Hans Gregersen is a Professor Emeritus of the College of Natural Resources and Department of Applied Economics at the University of Minnesota, where he joined the faculty in 1970. He worked on the Technical Advisory Committee of the Consultative Group on International Agricultural Research (CGIAR) from 1991 until his retirement in 2006. Most recently, he has carried out an assessment of the World Agroforestry Center’s progress in implementing the recommendations of its most recent External Program and Management Review. In 2006 and 2007 he carried out a major assessment of the FAO global forestry program, as part of the major Independent External Evaluation of the FAO. His technical work deals with environmental and natural resources policy and economics issues, with a particular focus on integrated watershed management, forest and water management and policy, agroforestry and sustainable development. He has worked on these issues with numerous international institutions, including on staff at the FAO, as a long-term consultant to the World Bank, the Inter-American Development Bank and the Asian Development Bank. In 2000 and 2001 he served on the World Bank’s Advisory Committee for its evaluation of World Bank forest policy.

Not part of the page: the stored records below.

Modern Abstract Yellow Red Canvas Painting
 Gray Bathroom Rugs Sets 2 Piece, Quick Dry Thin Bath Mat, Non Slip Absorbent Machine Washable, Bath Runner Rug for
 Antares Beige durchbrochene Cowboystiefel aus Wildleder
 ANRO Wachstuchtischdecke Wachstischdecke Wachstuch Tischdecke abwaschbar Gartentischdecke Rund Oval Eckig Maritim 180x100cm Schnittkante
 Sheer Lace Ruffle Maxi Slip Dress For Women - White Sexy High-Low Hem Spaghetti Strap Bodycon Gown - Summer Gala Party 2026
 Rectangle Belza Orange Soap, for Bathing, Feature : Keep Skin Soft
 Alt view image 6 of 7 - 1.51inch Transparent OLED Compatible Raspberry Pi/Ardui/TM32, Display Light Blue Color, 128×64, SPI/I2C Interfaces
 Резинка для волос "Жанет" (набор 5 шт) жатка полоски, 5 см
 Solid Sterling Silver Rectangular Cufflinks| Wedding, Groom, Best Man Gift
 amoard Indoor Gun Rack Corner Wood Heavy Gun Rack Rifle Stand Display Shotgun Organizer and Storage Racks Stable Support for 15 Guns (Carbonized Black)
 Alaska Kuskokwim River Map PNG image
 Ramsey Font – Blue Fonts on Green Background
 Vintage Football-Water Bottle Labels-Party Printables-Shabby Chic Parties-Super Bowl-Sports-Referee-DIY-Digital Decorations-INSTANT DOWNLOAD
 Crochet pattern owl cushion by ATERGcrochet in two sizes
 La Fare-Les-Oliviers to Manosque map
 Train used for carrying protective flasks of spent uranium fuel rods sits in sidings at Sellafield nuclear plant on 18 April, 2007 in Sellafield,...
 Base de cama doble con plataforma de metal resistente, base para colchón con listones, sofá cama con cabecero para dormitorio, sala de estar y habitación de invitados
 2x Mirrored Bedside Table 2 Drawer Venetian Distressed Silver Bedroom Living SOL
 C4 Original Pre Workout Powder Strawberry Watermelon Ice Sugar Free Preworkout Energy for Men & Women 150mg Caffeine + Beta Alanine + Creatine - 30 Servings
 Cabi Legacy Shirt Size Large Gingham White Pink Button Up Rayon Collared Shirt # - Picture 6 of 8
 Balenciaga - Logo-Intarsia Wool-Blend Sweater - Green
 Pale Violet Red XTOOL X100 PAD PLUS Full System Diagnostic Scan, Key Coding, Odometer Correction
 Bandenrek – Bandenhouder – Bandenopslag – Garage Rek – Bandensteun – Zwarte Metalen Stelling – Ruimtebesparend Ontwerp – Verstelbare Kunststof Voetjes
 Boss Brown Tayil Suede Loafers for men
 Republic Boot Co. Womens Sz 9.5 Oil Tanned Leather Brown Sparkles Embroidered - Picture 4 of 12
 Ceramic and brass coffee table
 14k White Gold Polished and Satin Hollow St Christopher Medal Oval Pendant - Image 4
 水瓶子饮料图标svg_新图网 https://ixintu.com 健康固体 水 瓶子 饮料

He has led numerous studies and published more than 180 works on natural resource policy, economics, evaluation, forestry, watershed management, sustainable development, agroforestry and social forestry.
Ing. Humberto Campodonico Sanchez is an industrial engineer and has a Master in Economic Development at the Pantheon-Sorbonne University. He is currently working as a professor at the Faculty of Economics at the National University of San Marcos. He has been linked to the Center for Studies and Promotion of Development (DESCO) and the United Nations Economic Commission for Latin America and the Caribbean (ECLAC), as a researcher since 1984 and as a consultant in 2001 and 2002 respectively. Since 2002 he is chief columnist for the newspaper La República. In 2010 he was elected Dean of the Faculty of Economics of the University San Marcos. Between July 2011 and December 2012 he served as chairman of Petroperu. Humberto has been working with RRI since 2013 in supporting the coalition in Peru, Latin America and globally. He has written books and scholar articles about privatization, the public sector, hydrocarbons, and state reforms. He is a Fellow of the Rights and Resources since 2016.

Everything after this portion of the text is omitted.